Inserted subdivisions to Ko’olau Loa Sustainable Communities Plan  (KSCP) contradict Oahu General Plan





More examination, please. Oahu is only a 597-square-mile tiny island in the middle of the vast Pacific Ocean.

For some, “sustainability” means more growth, new subdivisions, development and hotels to promote jobs along with a percentage of “affordable” housing.

 For others, sustainability means protecting near-shore ecosystems, diminishing agricultural lands, controlling tax burdens of massive infrastructure projects and protecting Hawaii’s cultural traditions and sense of place.

IMG_0158Both claim their interpretations relevant to quality of life. City Hall claims there is no consensus. Thus, the Department of Planning and Permitting (DPP) treats “no consensus” as a green light for massive developments.

But, islanders want merits and impacts scrutinized before any green light to massive developments.

 The 2010 draft of the Koolauloa Sustainable Communities Plan (KSCP) contradicts the values and vision as outlined in the Oahu General Plan and Hawaii 2050, the recent statewide vision plan. I shall very briefly highlight a few contradictions and discrepancies.

Oahu’s General Plan extols Koolauloa’s special sense of “Old Hawaii.” It states that “agricultural lands are preserved for agricultural uses,” “the ‘ahupuaa concept is used as the organizing basis for land use planning and natural resource management in Ko’olau Loa.”


 The General Plan further specifies Koolauloa’s natural resources and predominantly “country” character should be maintained by allowing only limited development in established communities, and that agricultural lands along the windward, North Shore and Waianae coasts be maintained for diversified agriculture.

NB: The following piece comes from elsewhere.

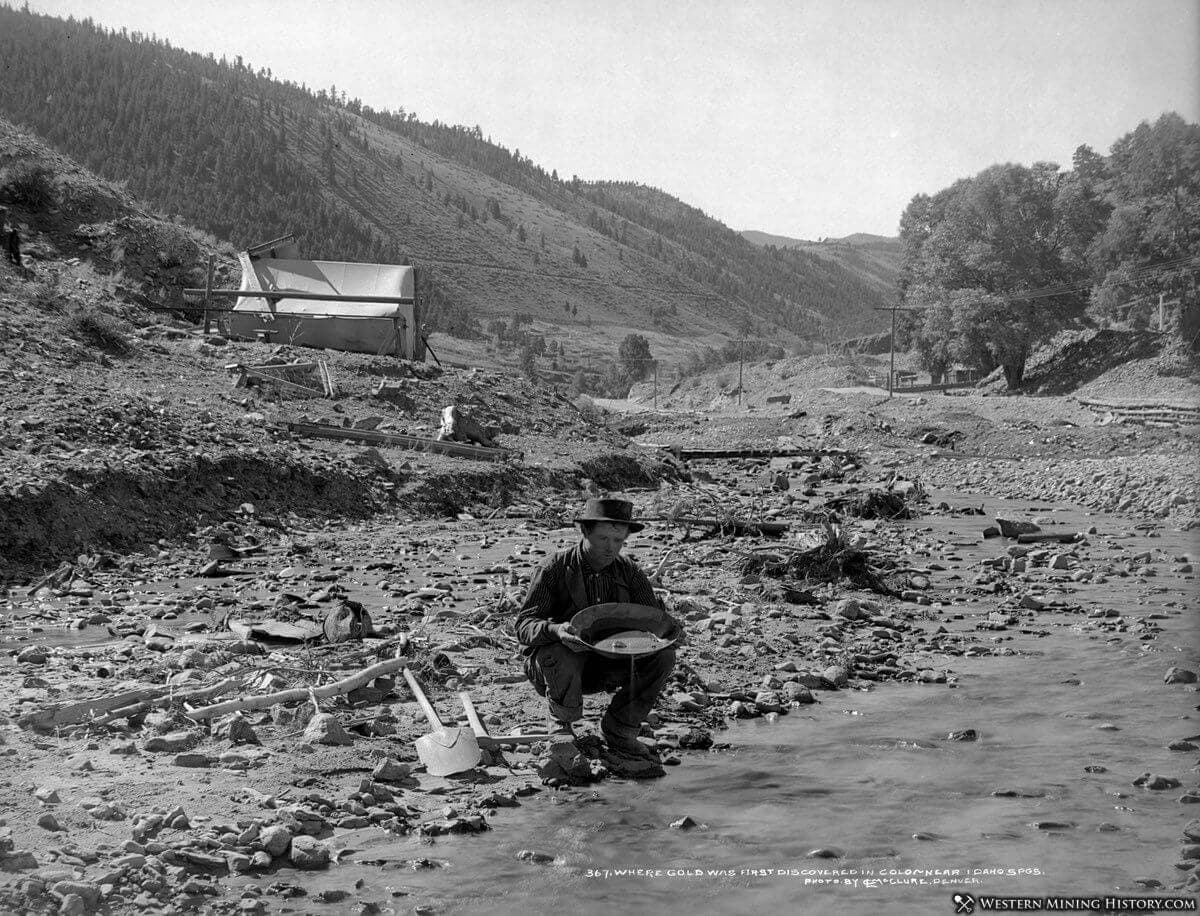 A miner pans for gold in a river surrounded by mountains and mining equipment.
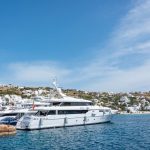 Cinco yates de lujo amarrados en un muelle en una bahía mediterránea con casas blancas sobre la colina al fondo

Do “old Hawaii” and diversified agriculture fit with five hotels, 1,000 condominiums, and a new Envision Laie subdivision with 875 homes, a regional commercial center, industrial and technology parks on 300 acres of ag land? There are hundreds of adjacent acres waiting in the wings.

Will Hawaiian culture and values come to hotels hiring kupuna to provide coconut bird-weaving and ukulele sessions? Or, be cutely coined into words like  “Tomorrow’s Ahupua’a” filled with resort retail shops and resort-residential homes?

The draft KSCP says, “… the ‘ahupuaa concept is used as the organizing basis for land use planning and natural resource management in Koolauloa.” However, Envision Laie would marginalize kuleana lands and traditional ahupua’a boundaries in historic Malaekahana. Kuleana landowners have no place at the table in this discussion.

City DPP Director David Tanoue said he “will widen” Kamehameha Highway to address traffic impacts from massive developments. Widening the highway would eventually displace hundreds of private owners and businesses from Kaneohe to Haleiwa. Who would invest in ownership with such profound development impacts?

 Should carte blanche permission of massive development be given without examining planning, financing and constructing infrastructure as stipulated in the KSCP?

 What is the cost of such infrastructure to already burdened taxpayers? Taxpayers are already laden with the $5.5 billion rail and a billion-dollar-plus Environmental Protection Agency consent decree for sewer updates.

These discrepancies and contradictions in the draft 2010 Koolauloa SCP must be ironed out before it is approved by the City Council of Honolulu. This region is a golden goose for Oahu’s tourist industry, watersheds, agriculture, open space, and all things Hawaiiana! Stick to the existing  1999 Ko’olau Loa Sustainable Communities Plan and work with it. Otherwise, irreparable damages done to the iconic country region can never be rescinded.

 I conclude with former Gov. George Ariyoshi’s caution from a June 2006 Hawaii Business article: “We need more thinking, more discussion and more planning. Otherwise, we will continue to drift from project to project, and, incrementally, we will lose what we hold most dear about Hawaii.”

Choon James, a real estate broker who has lived in the Koolauloa area since 1975, was a member of the Ko’olau Loa Sustainable Communities Planning Advisory Committee.